I did perform “Moonlight Sonata” my senior year of high school; not in a free skate performance, but for my senior piano recital. I had been playing piano since the first grade. I had memorized pieces of Bach and Beethoven in the past, but “Moonlight Sonata” was my last. I memorized the music, practiced until I felt secure in the music, and set out for my performance. I am not one for audiences. I tried to calm my nerves. The piano faced the wall. I was staring in white. I started to play with shaking hands. ¬†“Moonlight Sonata ” is not a fast tempo music. It is a slow tempo…deep emotions. I let my mind wander for a split second in which I lost my concentration. My mind went as blank and white as the wall I faced.

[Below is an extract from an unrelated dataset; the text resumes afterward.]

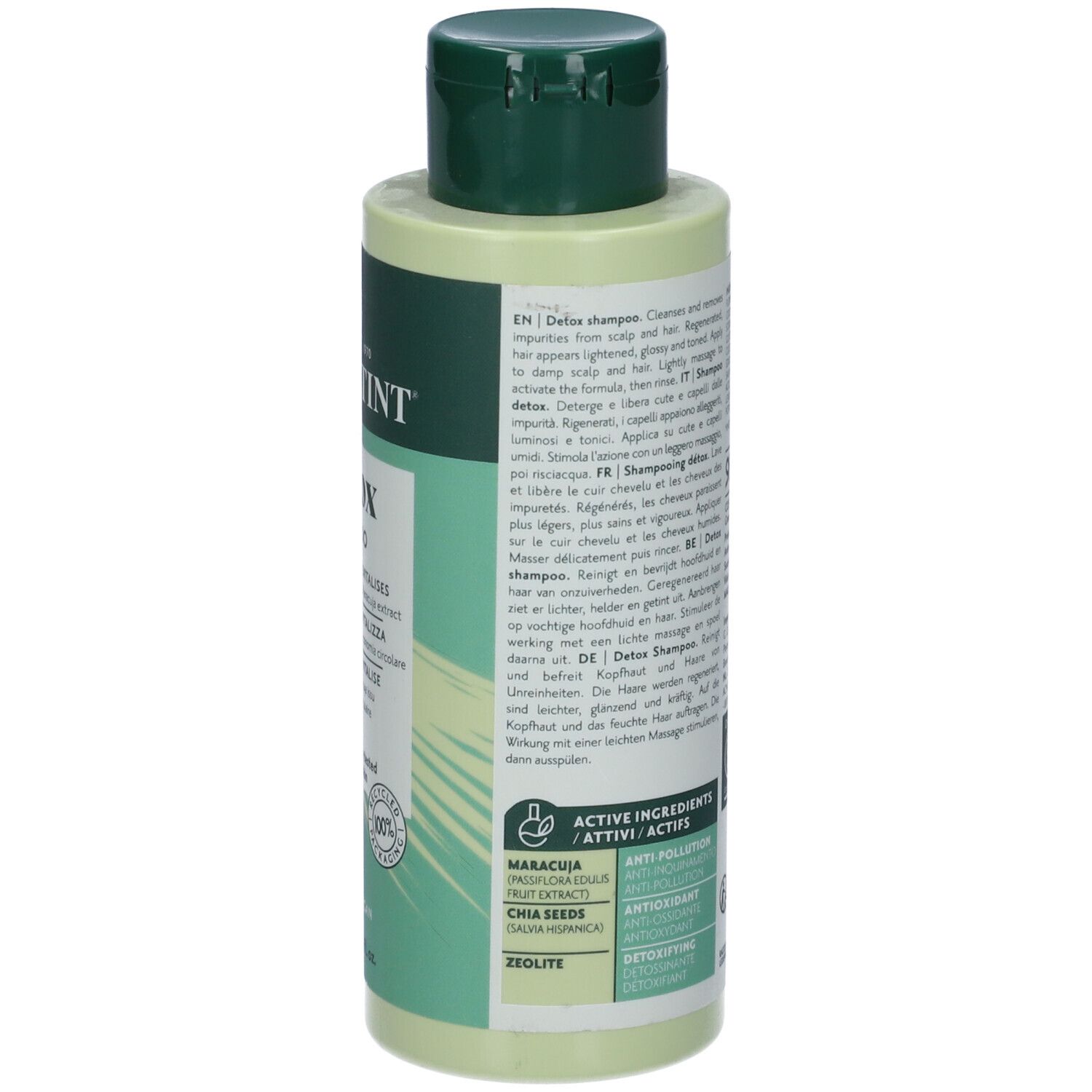 Herbatint Detox Shampoo 260 G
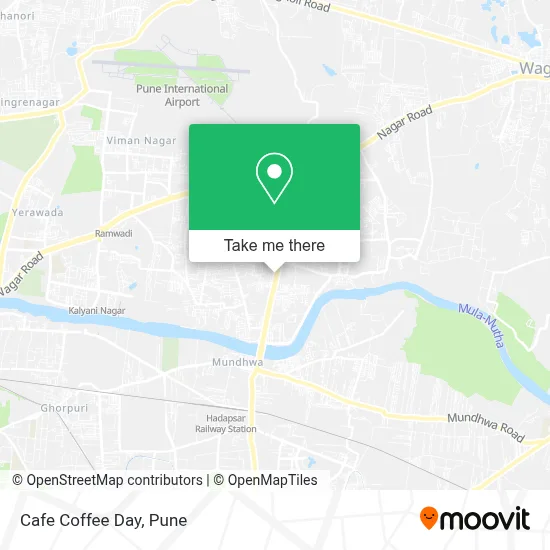 Cafe Coffee Day map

I stop and turn to the audience. “I need to start over.” I get nice reassuring smiles. By now I cannot get my mind and thoughts to relax. I restart the piece, but struggle in mid-way…again my mind goes blank. I feel a flush flow to my face turning my cheeks red and stinging tears about to drop from my eyes. To avoid crying on stage, I simply get up from the bench, take a slight bow, and return to my seat. My dad whispers, “Don’t cry. They are going to take group pictures,” and gently puts his arm around my shoulders. Too late. Tears abound. No one mentioned my performance. People understood. But I held it against myself: I didn’t finish.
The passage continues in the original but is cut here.